Given information:
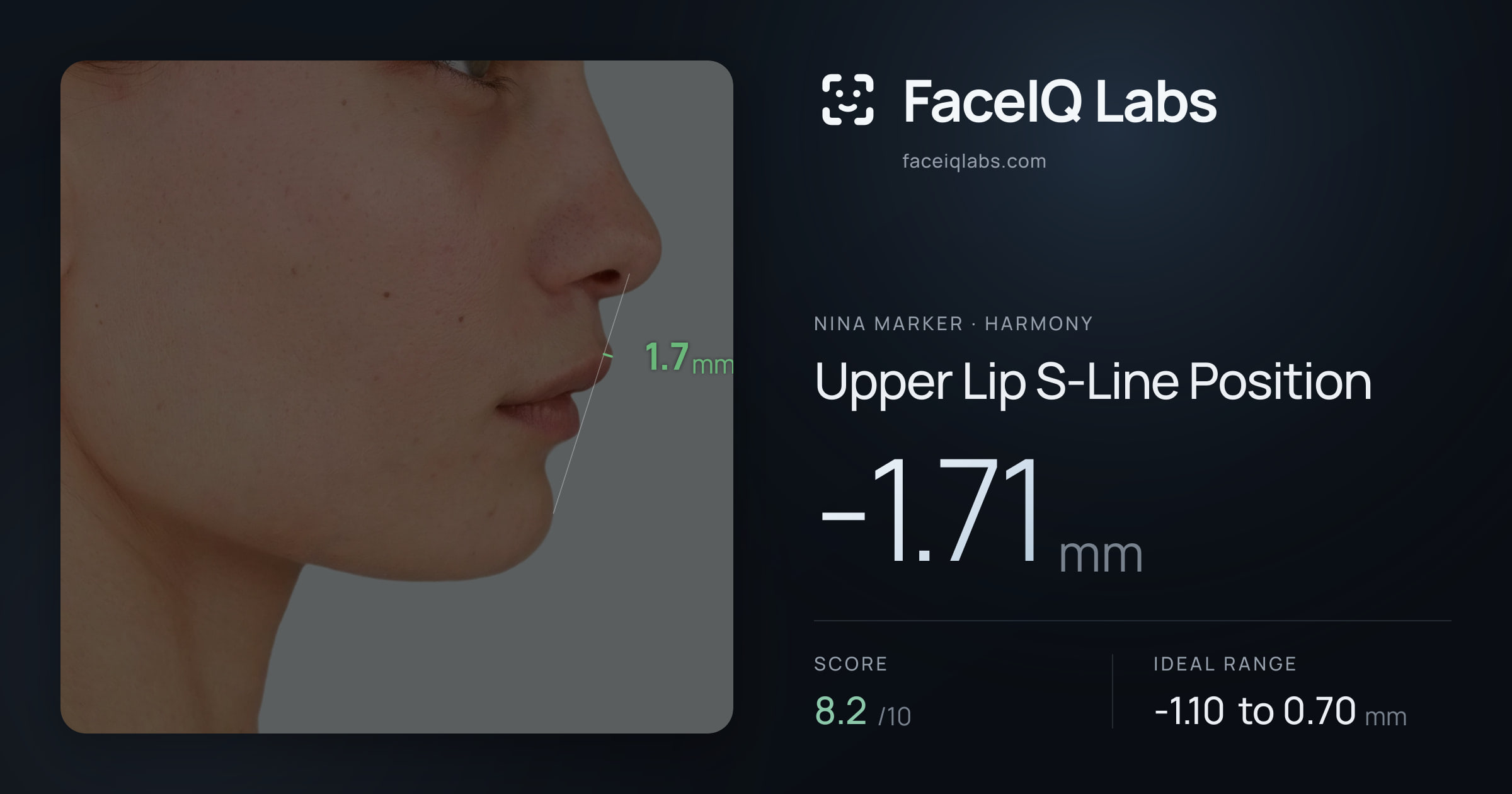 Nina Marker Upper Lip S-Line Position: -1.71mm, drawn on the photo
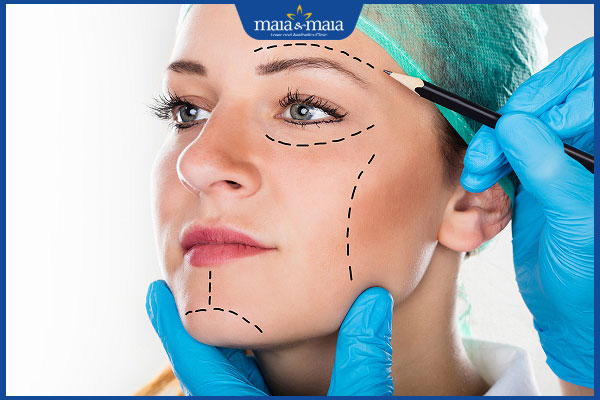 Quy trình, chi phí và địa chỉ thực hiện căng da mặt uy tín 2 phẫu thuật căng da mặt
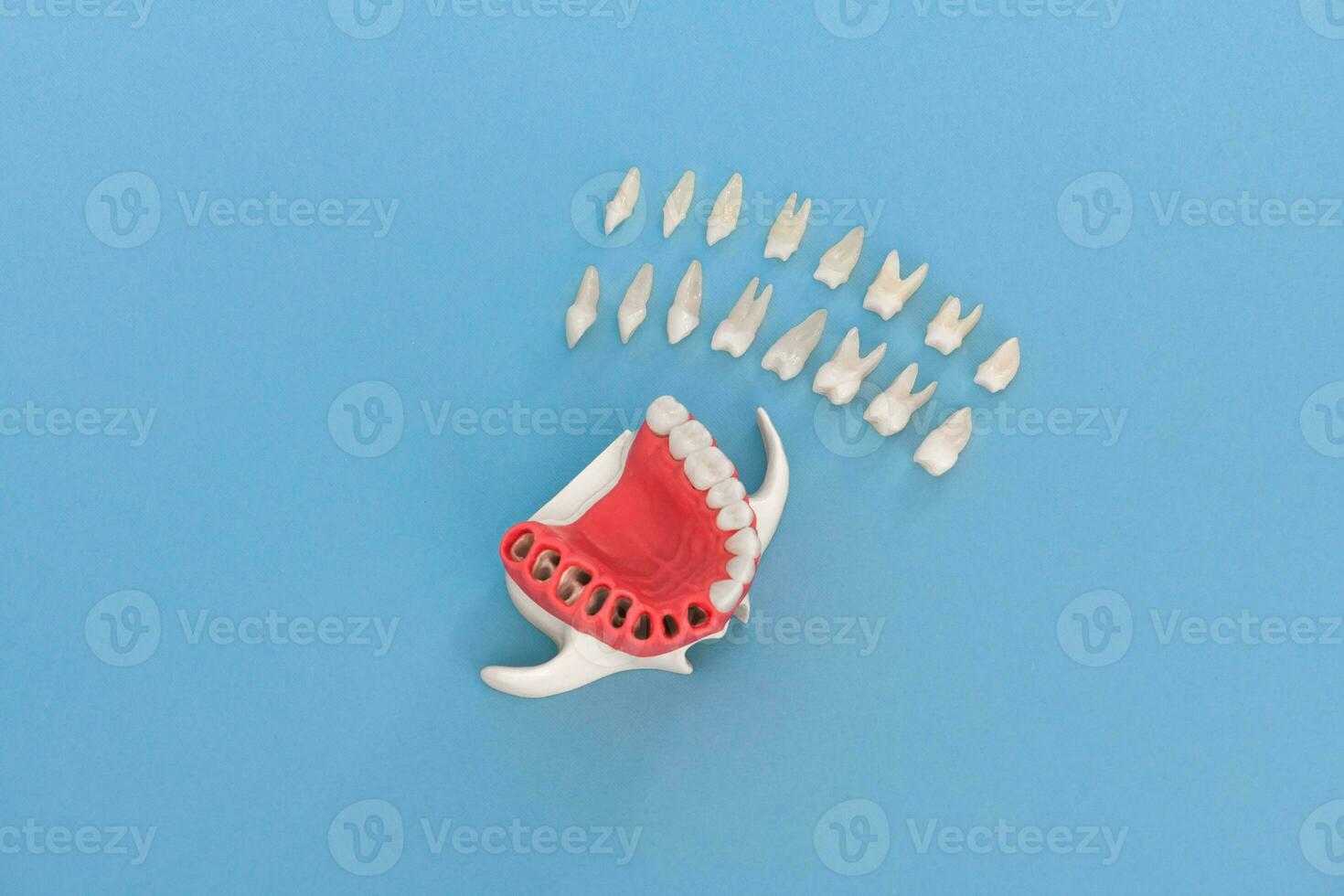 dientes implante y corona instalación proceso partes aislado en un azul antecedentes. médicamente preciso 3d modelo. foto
* * *
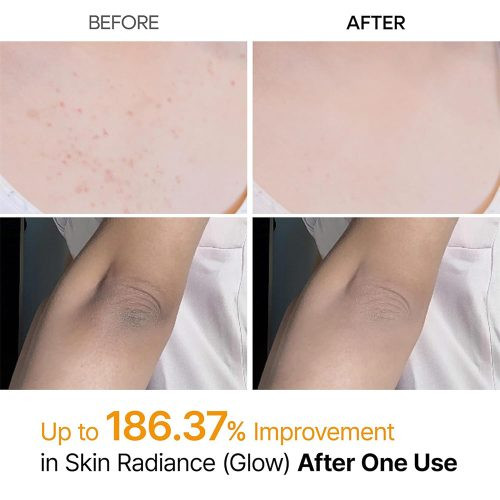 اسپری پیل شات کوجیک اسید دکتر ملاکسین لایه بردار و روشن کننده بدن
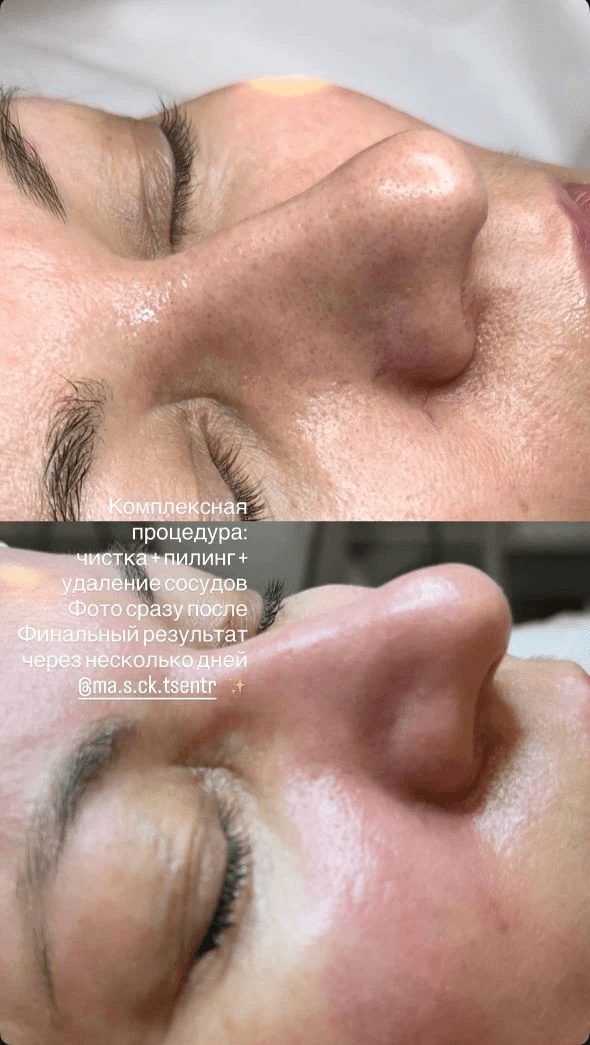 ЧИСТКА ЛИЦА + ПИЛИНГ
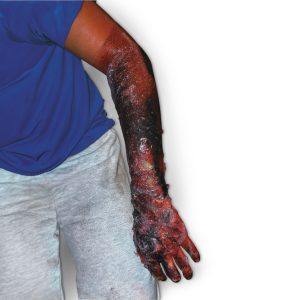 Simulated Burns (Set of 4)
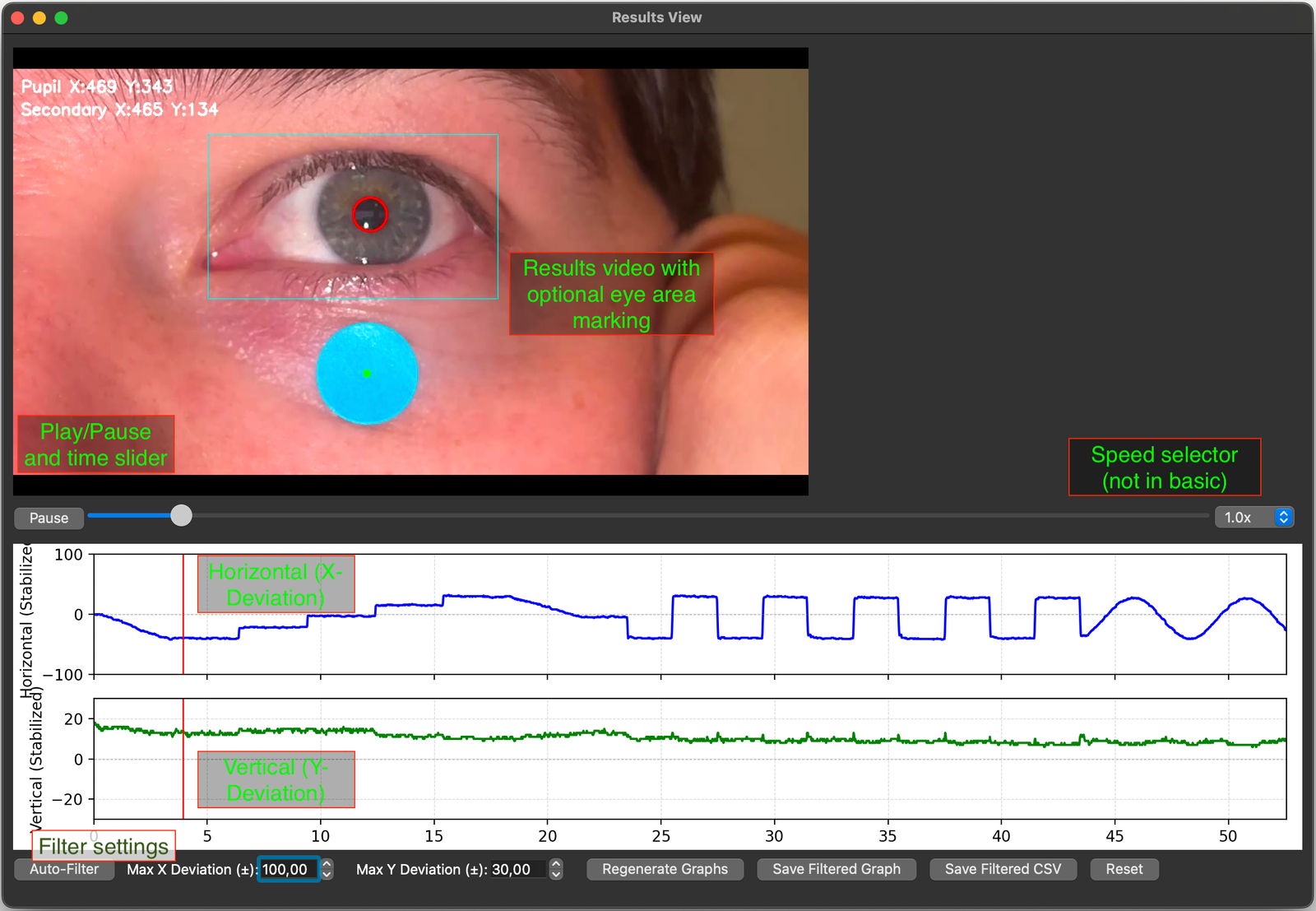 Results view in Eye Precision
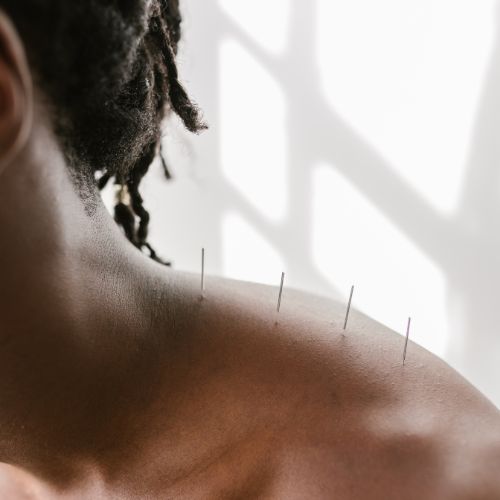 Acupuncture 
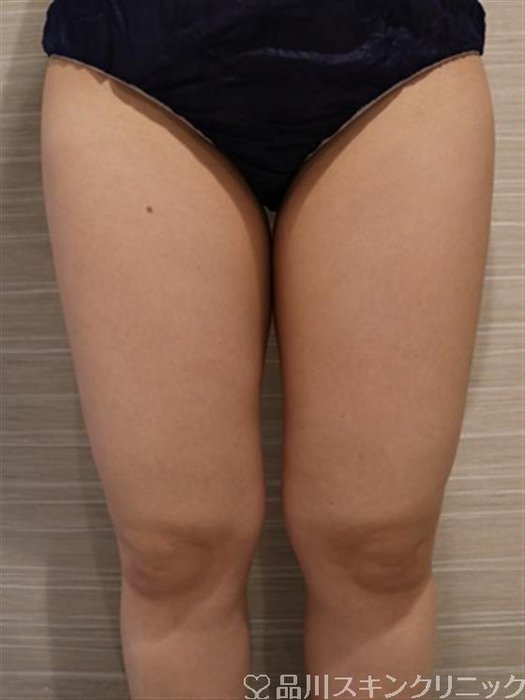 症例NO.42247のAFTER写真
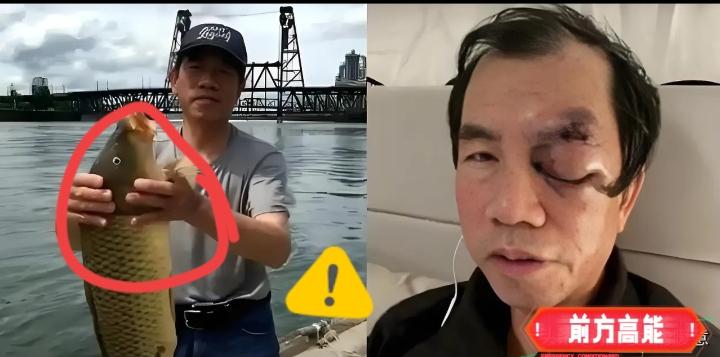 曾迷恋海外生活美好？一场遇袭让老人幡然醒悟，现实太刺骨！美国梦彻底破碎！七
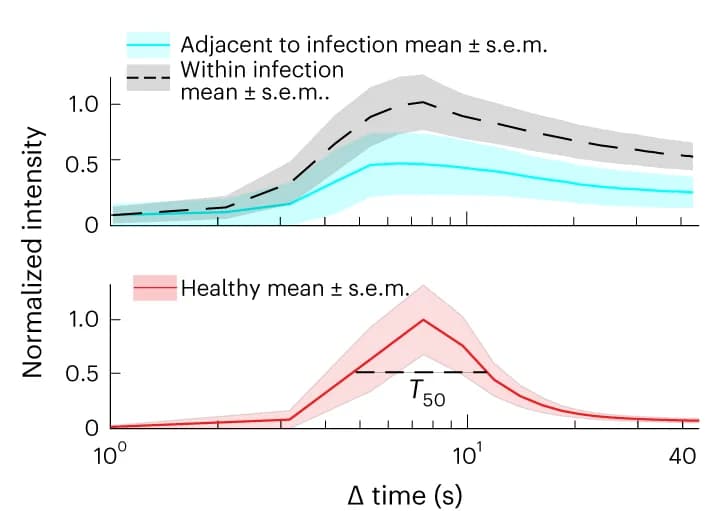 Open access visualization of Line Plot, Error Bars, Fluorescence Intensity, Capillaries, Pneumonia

Assignment: Treat the line with "Acupuncture" as the start and the line with "Open access visualization" as the end, and return exactly that span of the data above, both ends included, without pictures.

Answer to the exercise:
 Acupuncture 
 症例NO.42247のAFTER写真
 曾迷恋海外生活美好？一场遇袭让老人幡然醒悟，现实太刺骨！美国梦彻底破碎！七
 Open access visualization of Line Plot, Error Bars, Fluorescence Intensity, Capillaries, Pneumonia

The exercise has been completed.